Since each text in the MS MARCO passage corpus is a JSON object, we can read the document into Python and manipulate:

import json
json_doc = json.loads(doc.raw())

json_doc['contents']
# 'contents' of the document:
# A Lobster Roll is a bread roll filled with bite-sized chunks of lobster meat...

Every document has a docid, of type string, assigned by the collection it is part of. In addition, Lucene assigns each document a unique internal id (confusingly, Lucene also calls this the docid), which is an integer numbered sequentially starting from zero to one less than the number of documents in the index. This can be a source of confusion but the meaning is usually clear from context. Where there may be ambiguity, we refer to the external collection docid and Lucene's internal docid to be explicit. Programmatically, the two are distinguished by type: the first is a string and the second is an integer.

As an important side note, Lucene's internal docids are not stable across different index instances. That is, in two different index instances of the same collection, Lucene is likely to have assigned different internal docids for the same document. This is because the internal docids are assigned based on document ingestion order; this will vary due to thread interleaving during indexing (which is usually performed on multiple threads).

The doc method in searcher takes either a string (interpreted as an external collection docid) or an integer (interpreted as Lucene's internal docid) and returns the corresponding document.
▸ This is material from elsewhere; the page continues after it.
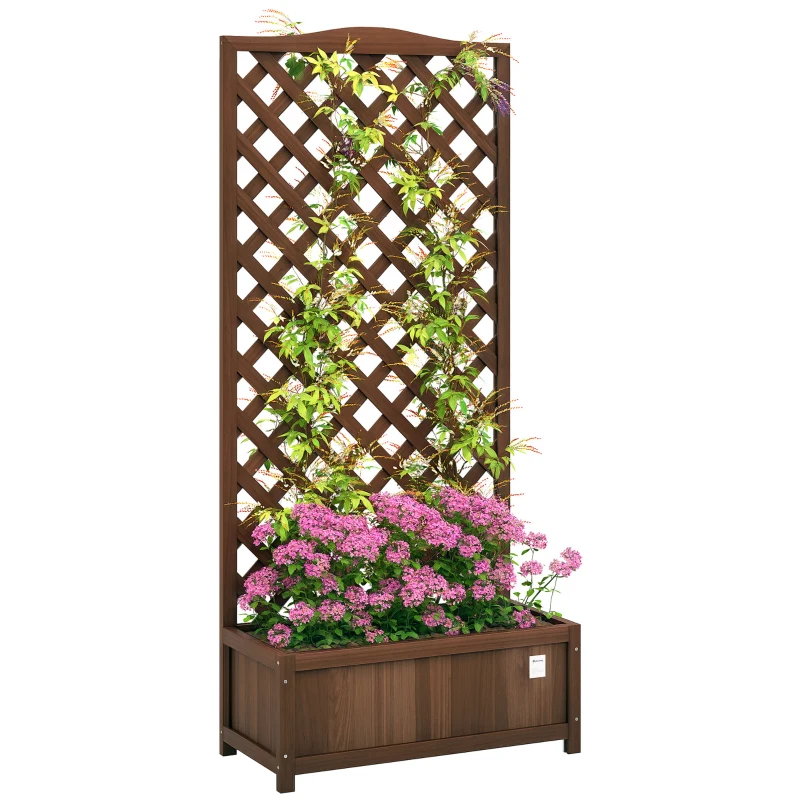 Outsunny Wood Planter with Trellis, Raised Garden Bed to Grow Vegetables for Backyard, 30" x 14" x 67", Dark Brown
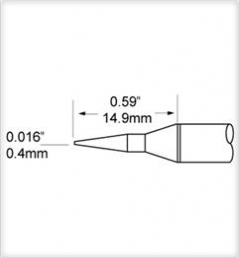 Soldering tip, conical, (T x L) 0.4 x 14.9 mm, 330 °C, STP-CNL04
Thus, a simple way to iterate through all documents in the collection (and for example, print out its external collection docid) is as follows:

for i in range(searcher.num_docs):
    print(searcher.doc(i).docid())

How do I index and search my own documents?

To build sparse (i.e., Lucene inverted indexes) on your own document collections, following the instructions below. To build dense indexes (e.g., the output of transformer encoders) on your own document collections, see instructions here. The following covers English documents; if you want to index and search multilingual documents, check out this answer.

Pyserini (via Anserini) provides ingestors for document collections in many different formats. The simplest, however, is the following JSON format:

{
  "id": "doc1",
  "contents": "this is the contents."
}

A document is simply comprised of two fields, a docid and contents. Pyserini accepts collections comprised of these documents organized in three different ways:

  • Folder with each JSON in its own file, like this.
  • Folder with files, each of which contains an array of JSON documents, like this.
  • Folder with files, each of which contains a JSON on an individual line, like this (often called JSONL format).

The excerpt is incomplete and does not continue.